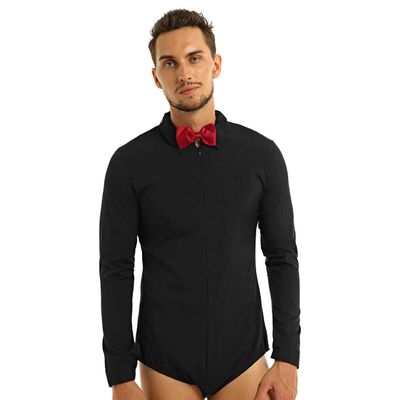 Yartina Men's One-Piece Romper Shirt Dancewear Leotard Long Sleeve Zipper Latin Modern Dance Shirt with Bowtie Black Large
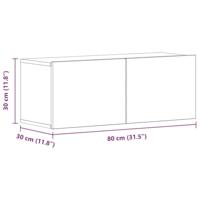 TV-kasten 2 pcs Zwart eiken 80 x 30 x 30 cm Bewerkt hout - thumbnail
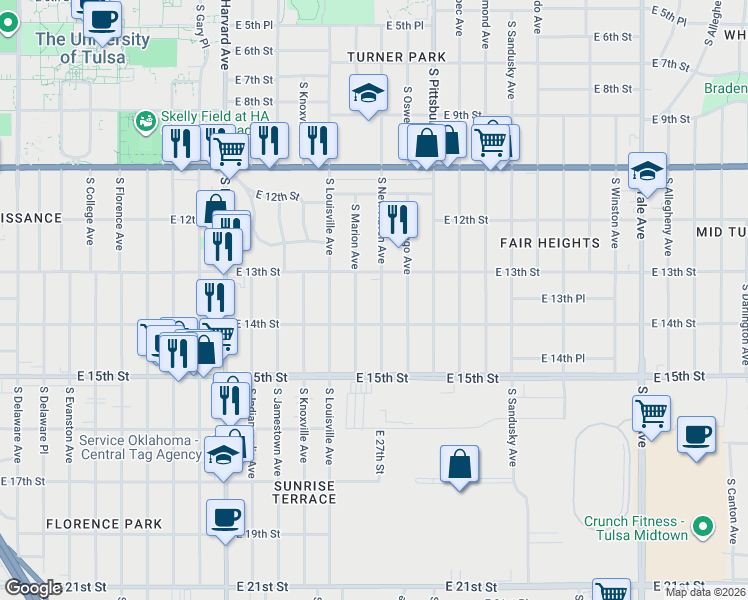 map of restaurants, bars, coffee shops, grocery stores, and more near 1348 South New Haven Avenue in Tulsa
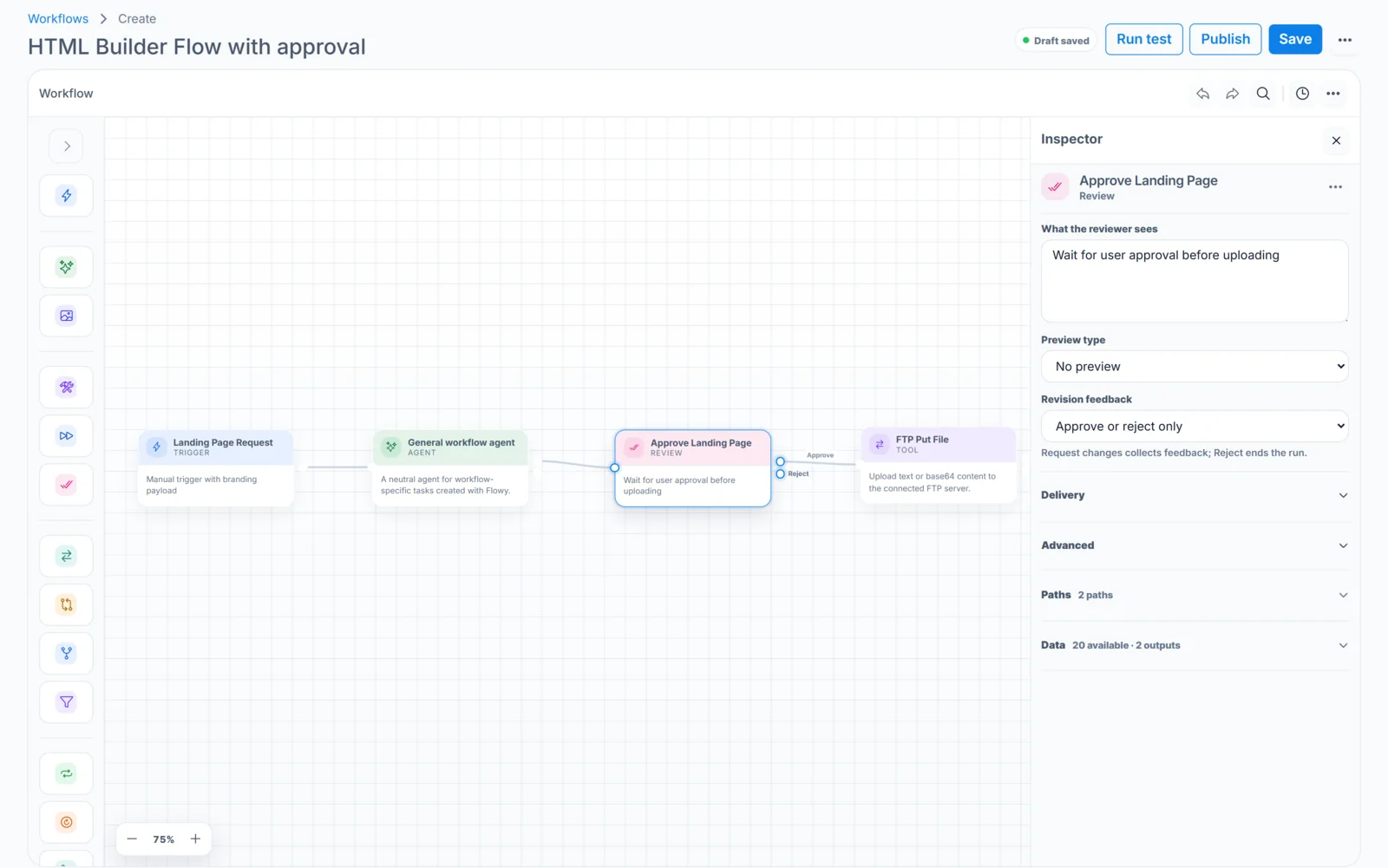JustFlows workflow builder showing the Approve Landing Page review step before an FTP upload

> **EXERCISE INSTRUCTIONS**
Transcribe the data word for word, with no images.

> **ANSWER FOR THE TASK**
 Yartina Men's One-Piece Romper Shirt Dancewear Leotard Long Sleeve Zipper Latin Modern Dance Shirt with Bowtie Black Large
 TV-kasten 2 pcs Zwart eiken 80 x 30 x 30 cm Bewerkt hout - thumbnail
 map of restaurants, bars, coffee shops, grocery stores, and more near 1348 South New Haven Avenue in Tulsa
JustFlows workflow builder showing the Approve Landing Page review step before an FTP upload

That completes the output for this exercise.